2008 - 2009 Criminal Justice Project Produces Multiple Amicus Briefs
(Boston, Revised 11/13/09) New England Law | Boston: Directed by Professor David Siegel, the Criminal Justice Project took on numerous amicus briefs this past school year, researching and writing the briefs that either have been, or will be, submitted to the Supreme Judicial Court.
Found below is information about the individual briefs that the CJP worked on:
September 2008 - November 2008: Students Ciara Mason (’09) and Laura Mannion (’09) compiled research for an amicus brief for the cases Commonwealth v. Gomes and Commonwealth v. Little. Professor David Siegel wrote the brief for the Suffolk Lawyers for Justice. The focus of the amicus brief was whether in the circumstances of this case expert testimony was required to prove that the quantity and packaging of the drugs the defendant possessed were consistent with an intent to distribute. To see information about the case, and to read the submitted brief by Professor David Siegel on behalf of Suffolk Lawyers for Justice, please click here.
September 2008 - February 2009: Professor David Siegel researched and wrote an amicus brief for the Suffolk Lawyers for Justice for the case Commonwealth v. Oscar Lyles. The focus of the amicus brief was whether the motion judge correctly ruled that police officers' encounter with the defendant was not a field investigation interrogation, but rather a Terry stop based on a hunch; whether the contraband found on the defendant's person after his arrest on an outstanding warrant after he had furnished his identification to the police officers as requested should have been suppressed.
On February 25, 2009, Professors David Siegel and Lawrence Friedman, with CLSR Fellow Susan Walton, mooted the attorney for the Oscar Lyles case in preparation for oral arguments.
To see information about the case, and to read the submitted brief by Professor David Siegel on behalf of Suffolk Lawyers for Justice, please click here.

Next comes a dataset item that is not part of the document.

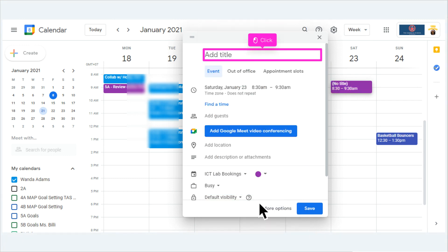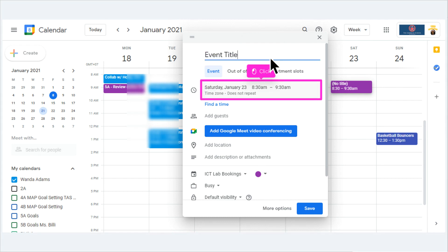If you need to edit the title, you can do so by clicking on the title. You can also make edits to the date and time if needed.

February 2009 - April 2009: On behalf of the New England Innocence Project, Professor David Siegel worked with associates from Goodwin | Proctor and a faculty member from Roger Williams School of Law to file an amicus brief in the Rhode Island Supreme Court case of State of RI v. Tracey Barros.
February 2009 - Present: Students Martha Drane (‘10) and Maria Giraud (’10) are working with an associate at Goodwin | Proctor and Professor David Siegel on an amicus brief for Commonwealth v. Brandon Watson on behalf of NEIP. The focus of the amicus brief is whether cautionary jury instructions should be given when police indicate to a witness that a suspect is present in an identification procedure or when police fail to warn the witness that the perpetrator may or may not be included in the procedure; whether in such circumstances, expert testimony regarding eyewitness identification should be admissible at the defendant's request.